----- Source material -----

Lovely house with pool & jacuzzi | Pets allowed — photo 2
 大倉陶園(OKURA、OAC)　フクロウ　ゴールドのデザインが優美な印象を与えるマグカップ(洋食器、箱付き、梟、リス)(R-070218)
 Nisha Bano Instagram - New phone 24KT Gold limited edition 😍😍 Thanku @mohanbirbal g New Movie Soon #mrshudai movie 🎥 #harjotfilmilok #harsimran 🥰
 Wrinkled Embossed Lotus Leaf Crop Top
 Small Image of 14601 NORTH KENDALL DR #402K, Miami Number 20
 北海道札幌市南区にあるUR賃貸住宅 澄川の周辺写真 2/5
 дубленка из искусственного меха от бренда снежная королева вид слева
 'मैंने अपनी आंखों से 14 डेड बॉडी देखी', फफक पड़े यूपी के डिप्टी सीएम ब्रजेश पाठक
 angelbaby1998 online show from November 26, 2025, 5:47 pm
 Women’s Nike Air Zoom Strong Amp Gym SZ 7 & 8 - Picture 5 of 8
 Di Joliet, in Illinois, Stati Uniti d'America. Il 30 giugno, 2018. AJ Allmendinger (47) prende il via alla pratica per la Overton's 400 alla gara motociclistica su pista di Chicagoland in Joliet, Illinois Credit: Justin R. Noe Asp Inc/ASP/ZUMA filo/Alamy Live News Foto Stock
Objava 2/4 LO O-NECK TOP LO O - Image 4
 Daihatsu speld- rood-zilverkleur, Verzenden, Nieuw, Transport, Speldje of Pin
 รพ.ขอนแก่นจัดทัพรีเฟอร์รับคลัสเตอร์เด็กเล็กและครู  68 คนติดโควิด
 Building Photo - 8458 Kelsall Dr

-----

#### Exercise requirements
Write out the records exactly, starting at the first line and stopping after the line that contains "Di Joliet, in".

#### Answer box
Lovely house with pool & jacuzzi | Pets allowed — photo 2
 大倉陶園(OKURA、OAC)　フクロウ　ゴールドのデザインが優美な印象を与えるマグカップ(洋食器、箱付き、梟、リス)(R-070218)
 Nisha Bano Instagram - New phone 24KT Gold limited edition 😍😍 Thanku @mohanbirbal g New Movie Soon #mrshudai movie 🎥 #harjotfilmilok #harsimran 🥰
 Wrinkled Embossed Lotus Leaf Crop Top
 Small Image of 14601 NORTH KENDALL DR #402K, Miami Number 20
 北海道札幌市南区にあるUR賃貸住宅 澄川の周辺写真 2/5
 дубленка из искусственного меха от бренда снежная королева вид слева
 'मैंने अपनी आंखों से 14 डेड बॉडी देखी', फफक पड़े यूपी के डिप्टी सीएम ब्रजेश पाठक
 angelbaby1998 online show from November 26, 2025, 5:47 pm
 Women’s Nike Air Zoom Strong Amp Gym SZ 7 & 8 - Picture 5 of 8
 Di Joliet, in Illinois, Stati Uniti d'America. Il 30 giugno, 2018. AJ Allmendinger (47) prende il via alla pratica per la Overton's 400 alla gara motociclistica su pista di Chicagoland in Joliet, Illinois Credit: Justin R. Noe Asp Inc/ASP/ZUMA filo/Alamy Live News Foto Stock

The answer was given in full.